На самом деле, вопреки теории Фейербаха, в полном антагонизмов мире любовь и ненависть идут рука об руку. Оборотной стороной антипатии к пруссаческой полицейщине была симпатия к каждому проблеску прогресса и демократии как в самой Германии, так и за ее пределами. Фейербах видел, какая пропасть отделяет стремления и интересы народов от политики их правительств. Он видел, что в каждой стране народ «томится жаждой свободы, образования, улучшения» существующего положения вещей (см. 22, стр. 345). Радостно приветствовал Фейербах успехи национально-освободительного движения «краснорубашечников» в Италии, с любовью и восторгом отзываясь о героической деятельности Гарибальди. Осуществившееся под руководством пришедшего к власти Бисмарка национальное объединение германского государства было оценено Фейербахом с должной сдержанностью. Он понимал, конечно, положительное значение преодоления партикуляризма, но вместе с тем справедливо заявлял: «Я гроша ломаного не дам за единство, если оно не покоится на свободе, если оно осуществляется не ради этой цели» (22, стр. 337).

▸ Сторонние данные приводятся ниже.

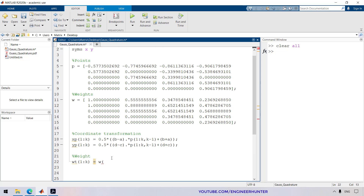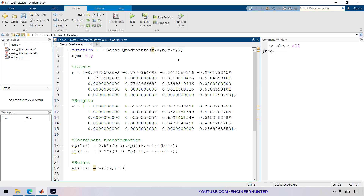Next I'll extract the weight values. I'll call this variable W. The weight matrix takes the value for a certain K — it selects the appropriate column from the weight matrix W based on the parameter K.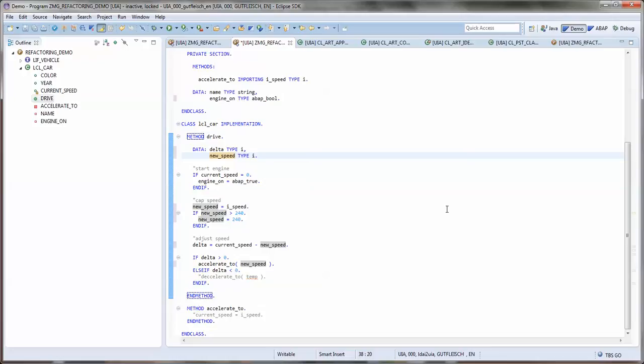And this is already what I wanted to show in this small video, how it is possible to deal with variables and how refactorings and quick fixes go hand in hand and really support me in doing those kind of changes.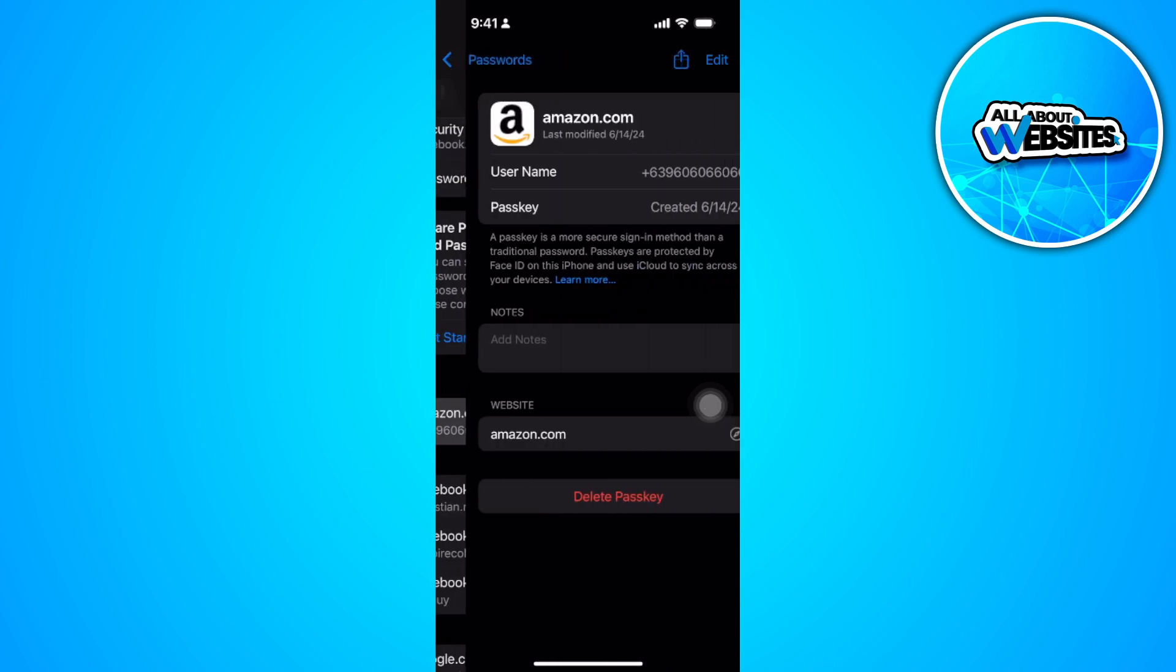Tap on Amazon. And from here, just tap on your passcode just right here and it will show your password.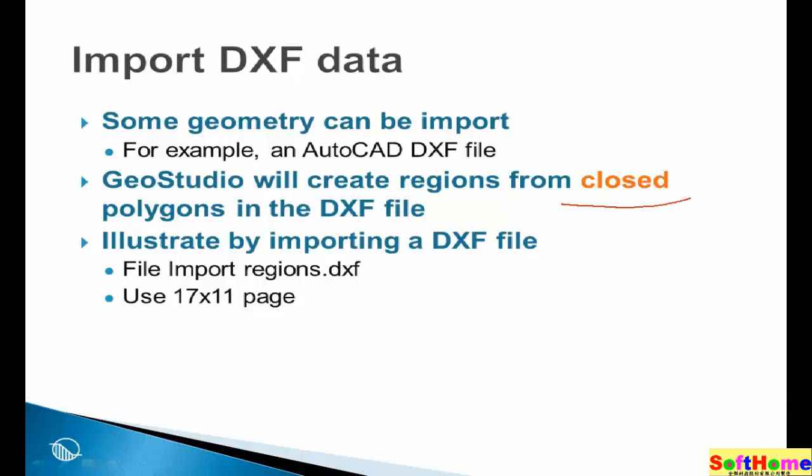It is essential that the polygons in the DXF file are completely closed, so that GeoStudio can interpret and use the polygons and create regions.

Фейербах родился в годы французского нашествия на Германию, а умер вскоре после окончания немецкого нашествия на Францию. На всю жизнь сохранил он ненависть к военной агрессии — не только тогда, когда нападали на его родину, но и тогда, когда собственная страна нарушала чужую независимость. Не только Наполеон оставался для Фейербаха «персонифицированным и концентрированным позором европейских народов и правительств» (см. 22, стр. 279), милитаризм Бисмарка возмущал его не меньше. «Нас неожиданно оттолкнули на целое столетие назад, — писал он своему австрийскому другу Дейблеру в дни прусско-австрийской войны, — нас вернули ко времени Семилетней войны, ко времени варварства гражданской, или братской, войны» (22, стр. 335—336). Ему претил насаждавшийся в Германии милитаристский дух солдатчины, дух войны, с ее безудержной тратой денег на гонку вооружений, губительную как для экономики, так и для сознания граждан. Буквально на другой день после провозглашения в Версале создания Германской империи дочь Фейербаха Элеонора писала редактору итальянского журнала «Свободная мысль» Луиджи Стефанони об отношении Фейербаха к франко-прусской войне. Отец ее не в состоянии был сам ответить на запрос Стефанони — он лежал тяжело больной после постигшего его сердечного удара. Отрывок из письма Элеоноры Фейербах, написанного, по-видимому, под диктовку отца, заслуживает того, чтобы напомнить о нем и в наши дни. «Вот почему,— писала она, — мы сожалеем о войне, как о великом несчастье и преступлении против цивилизации, как об акте грубейшего разрушения, физического и морального одичания. С тех пор как война не носила характера национальной обороны, мы, как немцы, потеряли чувство патриотизма, чувство, которое мой отец всегда подчинял принципу гуманности...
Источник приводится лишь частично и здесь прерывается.